Aim of the task:
Quote, word for word, only the lines running from the line with "NEW BALANCE GIRLS" through the end of the listing. Leave out the pictures.

Task material:
━━━━━━━━
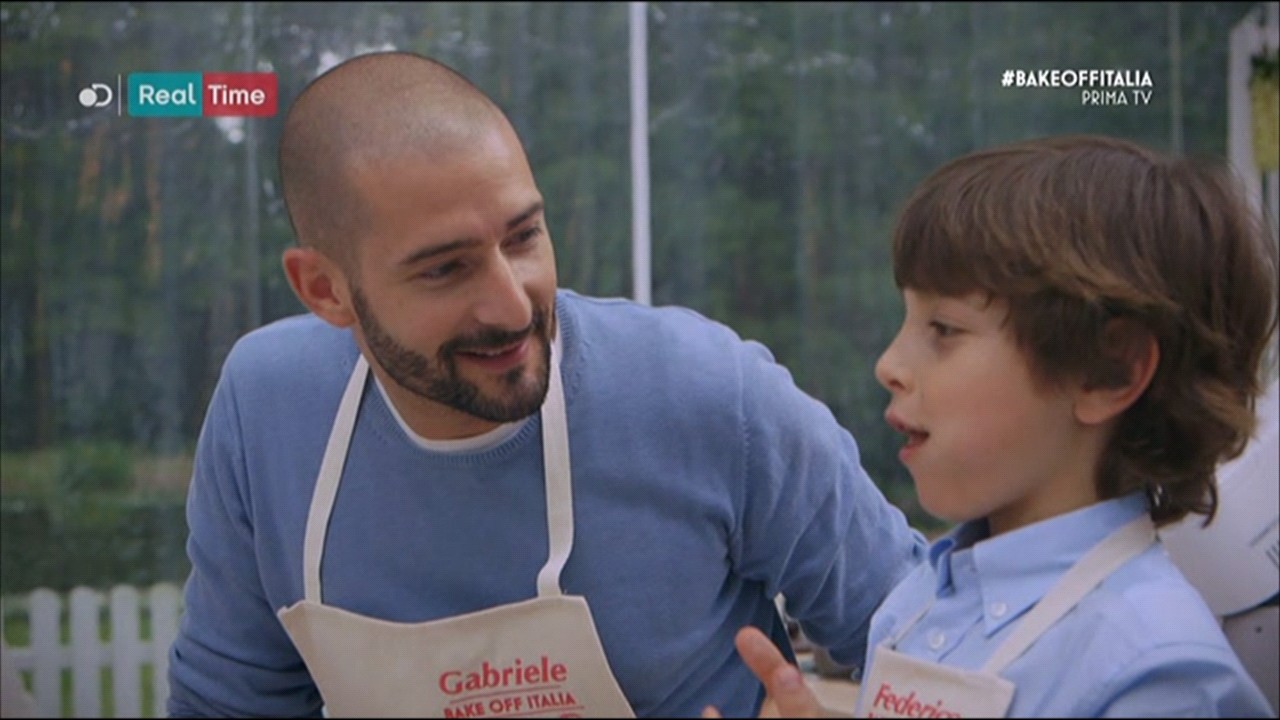 Bake Off Italia 3 | Puntata 16 ottobre 2015 | Eliminato Antonio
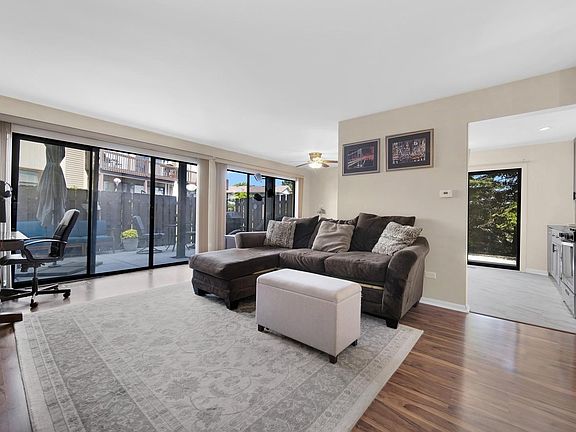 3rd image of 1355 Laguna Ct Unit A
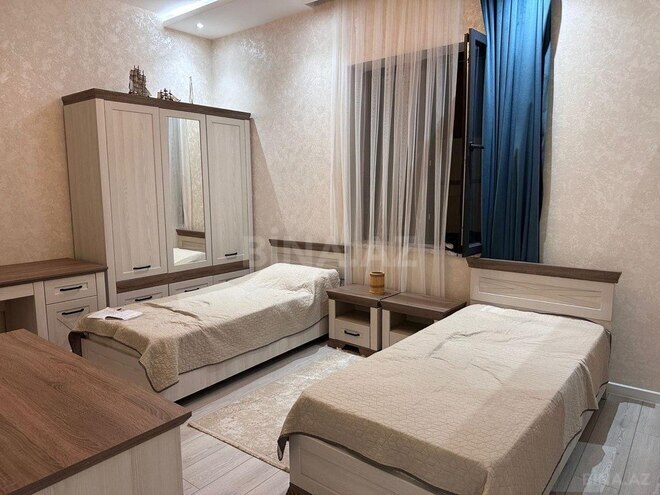 4 otaqlı həyət evi/bağ evi - Mərdəkan q. - 200 m² (13)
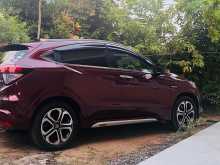 https://riyasewana.com/uploads/honda-vezel-z-2015-1313121612272.jpg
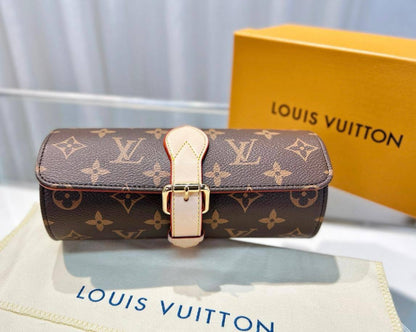 LOUIS VUITTON ✨💕✨
New collection ✨✨✨
SuperMaster Quality 🔥🔥
Available Now ❤️❤️❤️
For Price 👇 WTSP Text Zain 0568585901

Zain252
♥️♥️♥️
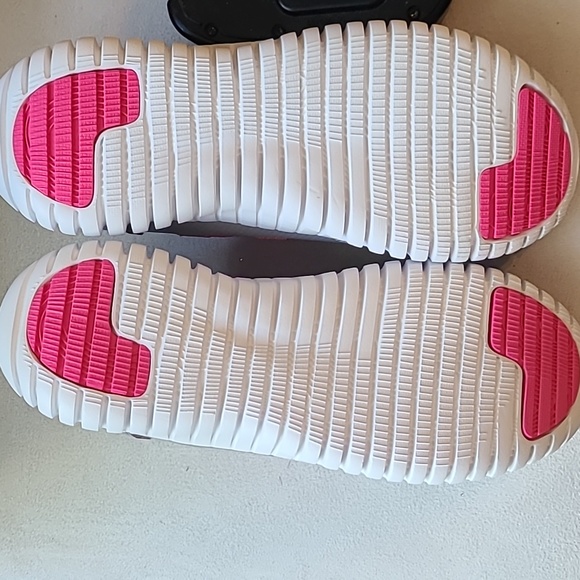 NEW BALANCE GIRLS PINK AND GRAY SIGNATURE ATHLETIC SHOES SIZE 7 - Picture 6 of 12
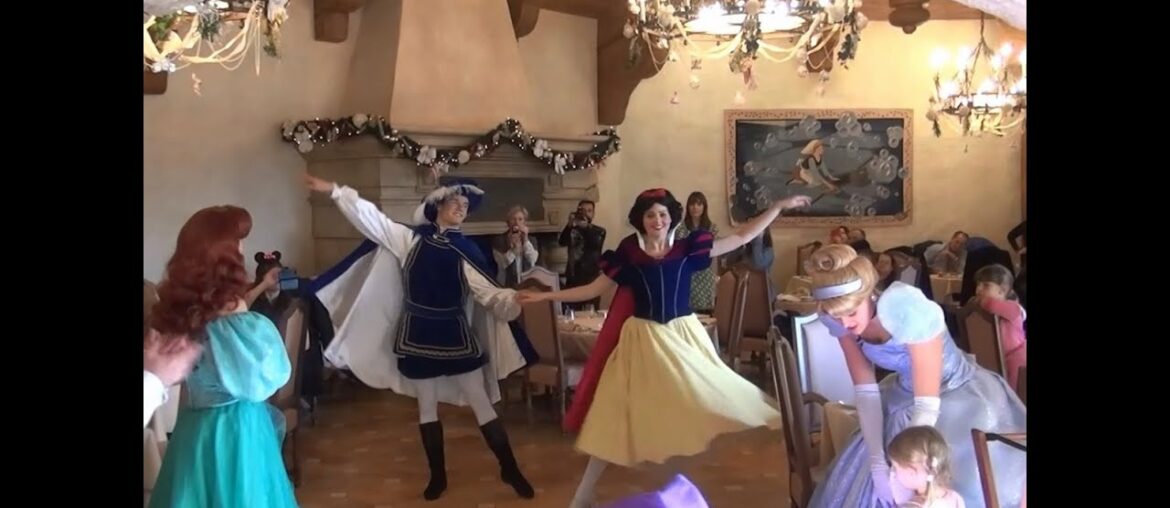 Auberge De Cendrillon Disneyland Paris Cinderella Restaurant 2016 Auberge De Cendrillon Disneyland Paris Cinderella Restaurant 2016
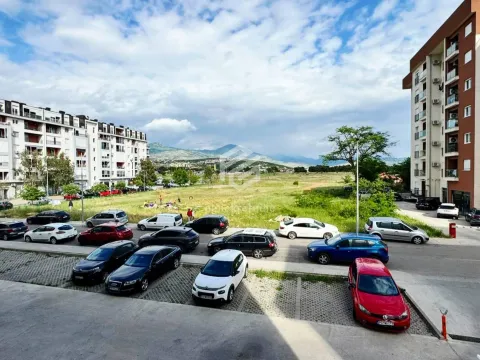 Rent, one bedroom apartment, 47m², Stari Aerodrom, Podgorica - image 13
━━━━━━━━
Your response:
 NEW BALANCE GIRLS PINK AND GRAY SIGNATURE ATHLETIC SHOES SIZE 7 - Picture 6 of 12
 Auberge De Cendrillon Disneyland Paris Cinderella Restaurant 2016 Auberge De Cendrillon Disneyland Paris Cinderella Restaurant 2016
 Rent, one bedroom apartment, 47m², Stari Aerodrom, Podgorica - image 13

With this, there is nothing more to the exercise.